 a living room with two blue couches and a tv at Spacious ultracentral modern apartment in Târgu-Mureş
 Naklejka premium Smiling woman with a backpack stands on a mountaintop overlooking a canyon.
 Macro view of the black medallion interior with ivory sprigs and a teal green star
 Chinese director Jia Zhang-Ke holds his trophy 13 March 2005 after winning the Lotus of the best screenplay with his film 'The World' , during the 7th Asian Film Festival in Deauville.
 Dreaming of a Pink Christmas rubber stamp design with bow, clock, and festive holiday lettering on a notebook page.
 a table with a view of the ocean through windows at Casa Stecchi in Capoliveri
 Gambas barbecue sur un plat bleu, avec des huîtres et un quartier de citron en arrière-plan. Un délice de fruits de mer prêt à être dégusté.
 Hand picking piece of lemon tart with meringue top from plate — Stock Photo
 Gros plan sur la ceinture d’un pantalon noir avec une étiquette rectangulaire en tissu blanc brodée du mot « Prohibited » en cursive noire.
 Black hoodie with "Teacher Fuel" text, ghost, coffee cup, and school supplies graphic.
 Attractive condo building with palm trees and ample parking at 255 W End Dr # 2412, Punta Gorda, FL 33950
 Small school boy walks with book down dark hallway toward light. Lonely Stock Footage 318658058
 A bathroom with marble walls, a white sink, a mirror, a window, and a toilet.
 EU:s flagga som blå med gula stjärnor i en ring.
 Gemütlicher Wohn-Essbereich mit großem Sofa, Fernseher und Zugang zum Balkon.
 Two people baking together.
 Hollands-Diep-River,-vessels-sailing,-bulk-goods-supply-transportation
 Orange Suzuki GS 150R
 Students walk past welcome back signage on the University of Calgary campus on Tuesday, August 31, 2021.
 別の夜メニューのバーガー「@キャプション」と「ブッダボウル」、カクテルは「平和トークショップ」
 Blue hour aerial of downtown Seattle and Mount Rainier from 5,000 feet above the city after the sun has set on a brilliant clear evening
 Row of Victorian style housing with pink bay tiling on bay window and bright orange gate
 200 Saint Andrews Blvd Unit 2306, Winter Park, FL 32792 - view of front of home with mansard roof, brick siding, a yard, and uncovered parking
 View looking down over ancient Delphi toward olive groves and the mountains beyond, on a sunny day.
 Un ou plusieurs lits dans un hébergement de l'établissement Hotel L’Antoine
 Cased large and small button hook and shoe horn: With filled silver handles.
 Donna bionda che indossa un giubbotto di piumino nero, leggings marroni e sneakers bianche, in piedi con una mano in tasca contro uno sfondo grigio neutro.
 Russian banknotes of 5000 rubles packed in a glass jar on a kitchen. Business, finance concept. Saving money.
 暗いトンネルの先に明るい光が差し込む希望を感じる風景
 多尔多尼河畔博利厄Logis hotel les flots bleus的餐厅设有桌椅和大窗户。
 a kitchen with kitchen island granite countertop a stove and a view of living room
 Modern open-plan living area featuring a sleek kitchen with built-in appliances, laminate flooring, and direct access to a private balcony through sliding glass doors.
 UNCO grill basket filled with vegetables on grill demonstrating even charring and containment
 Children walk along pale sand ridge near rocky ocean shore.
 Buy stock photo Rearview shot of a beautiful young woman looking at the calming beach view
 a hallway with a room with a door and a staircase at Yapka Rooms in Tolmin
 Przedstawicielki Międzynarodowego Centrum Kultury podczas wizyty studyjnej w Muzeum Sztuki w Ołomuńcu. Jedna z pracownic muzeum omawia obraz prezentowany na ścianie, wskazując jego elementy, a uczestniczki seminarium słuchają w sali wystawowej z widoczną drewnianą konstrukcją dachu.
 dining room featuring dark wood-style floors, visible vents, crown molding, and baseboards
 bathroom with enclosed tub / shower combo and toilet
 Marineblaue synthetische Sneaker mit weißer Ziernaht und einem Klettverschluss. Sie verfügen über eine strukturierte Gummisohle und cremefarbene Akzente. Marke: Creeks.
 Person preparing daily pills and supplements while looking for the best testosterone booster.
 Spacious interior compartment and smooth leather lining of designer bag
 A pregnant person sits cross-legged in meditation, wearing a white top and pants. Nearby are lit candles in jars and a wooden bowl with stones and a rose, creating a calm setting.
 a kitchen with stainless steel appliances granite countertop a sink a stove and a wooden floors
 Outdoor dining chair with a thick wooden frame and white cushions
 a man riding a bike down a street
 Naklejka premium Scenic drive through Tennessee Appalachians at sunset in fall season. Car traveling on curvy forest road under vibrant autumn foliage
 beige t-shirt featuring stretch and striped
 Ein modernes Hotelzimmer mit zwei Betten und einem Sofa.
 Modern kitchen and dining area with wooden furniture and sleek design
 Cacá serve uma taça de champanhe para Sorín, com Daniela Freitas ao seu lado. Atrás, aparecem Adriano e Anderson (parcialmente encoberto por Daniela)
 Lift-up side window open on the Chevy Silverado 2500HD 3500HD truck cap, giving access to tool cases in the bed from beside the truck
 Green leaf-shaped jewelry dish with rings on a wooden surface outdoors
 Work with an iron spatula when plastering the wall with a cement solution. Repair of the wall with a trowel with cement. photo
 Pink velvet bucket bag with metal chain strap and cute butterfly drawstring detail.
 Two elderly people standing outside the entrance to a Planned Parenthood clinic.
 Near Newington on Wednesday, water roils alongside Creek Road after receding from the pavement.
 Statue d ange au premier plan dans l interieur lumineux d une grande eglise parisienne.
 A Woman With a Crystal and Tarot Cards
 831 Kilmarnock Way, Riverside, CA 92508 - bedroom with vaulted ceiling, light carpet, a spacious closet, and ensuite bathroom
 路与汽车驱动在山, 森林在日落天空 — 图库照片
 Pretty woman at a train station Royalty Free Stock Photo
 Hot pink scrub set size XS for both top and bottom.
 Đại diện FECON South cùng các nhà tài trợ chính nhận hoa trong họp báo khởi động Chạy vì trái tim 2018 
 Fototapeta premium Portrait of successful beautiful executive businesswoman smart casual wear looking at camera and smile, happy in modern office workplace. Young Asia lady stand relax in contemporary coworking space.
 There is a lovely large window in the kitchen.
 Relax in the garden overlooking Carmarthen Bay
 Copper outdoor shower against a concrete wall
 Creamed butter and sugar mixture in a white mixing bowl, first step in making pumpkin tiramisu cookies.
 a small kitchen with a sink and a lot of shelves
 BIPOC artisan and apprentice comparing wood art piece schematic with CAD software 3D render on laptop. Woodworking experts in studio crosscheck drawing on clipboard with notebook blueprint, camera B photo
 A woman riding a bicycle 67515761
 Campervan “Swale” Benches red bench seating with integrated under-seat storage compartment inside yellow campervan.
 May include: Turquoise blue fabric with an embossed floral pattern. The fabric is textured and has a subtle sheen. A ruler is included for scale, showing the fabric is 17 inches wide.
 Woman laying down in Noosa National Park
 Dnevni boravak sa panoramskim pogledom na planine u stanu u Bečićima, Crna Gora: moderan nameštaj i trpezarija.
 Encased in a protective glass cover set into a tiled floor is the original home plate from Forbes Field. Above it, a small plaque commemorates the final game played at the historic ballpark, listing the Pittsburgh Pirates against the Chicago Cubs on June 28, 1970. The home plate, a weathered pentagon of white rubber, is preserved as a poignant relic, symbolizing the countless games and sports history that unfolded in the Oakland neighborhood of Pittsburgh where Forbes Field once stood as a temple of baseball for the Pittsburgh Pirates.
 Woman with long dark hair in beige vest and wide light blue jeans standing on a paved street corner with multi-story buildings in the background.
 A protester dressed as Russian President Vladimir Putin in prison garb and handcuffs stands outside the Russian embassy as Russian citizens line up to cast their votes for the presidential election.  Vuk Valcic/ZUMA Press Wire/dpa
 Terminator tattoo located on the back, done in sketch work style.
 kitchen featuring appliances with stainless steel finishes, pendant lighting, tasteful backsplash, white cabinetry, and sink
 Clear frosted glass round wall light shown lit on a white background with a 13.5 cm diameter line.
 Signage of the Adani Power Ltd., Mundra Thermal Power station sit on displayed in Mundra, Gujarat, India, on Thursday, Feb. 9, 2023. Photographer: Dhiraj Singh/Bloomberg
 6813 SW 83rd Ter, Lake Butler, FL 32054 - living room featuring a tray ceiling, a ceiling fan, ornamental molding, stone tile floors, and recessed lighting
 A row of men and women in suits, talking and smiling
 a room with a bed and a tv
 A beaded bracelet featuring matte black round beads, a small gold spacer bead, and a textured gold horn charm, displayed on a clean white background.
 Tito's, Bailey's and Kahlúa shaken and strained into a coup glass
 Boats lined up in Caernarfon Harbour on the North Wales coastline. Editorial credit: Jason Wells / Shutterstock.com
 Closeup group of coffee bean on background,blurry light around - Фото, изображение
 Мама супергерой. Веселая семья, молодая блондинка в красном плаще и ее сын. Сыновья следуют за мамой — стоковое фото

——

> _WORK TASK_:
Reproduce the entries above exactly, but only the lines between the line holding "Black hoodie with" and the line holding "EU:s flagga som", inclusive.

> _WRITTEN RESPONSE_:
 Black hoodie with "Teacher Fuel" text, ghost, coffee cup, and school supplies graphic.
 Attractive condo building with palm trees and ample parking at 255 W End Dr # 2412, Punta Gorda, FL 33950
 Small school boy walks with book down dark hallway toward light. Lonely Stock Footage 318658058
 A bathroom with marble walls, a white sink, a mirror, a window, and a toilet.
 EU:s flagga som blå med gula stjärnor i en ring.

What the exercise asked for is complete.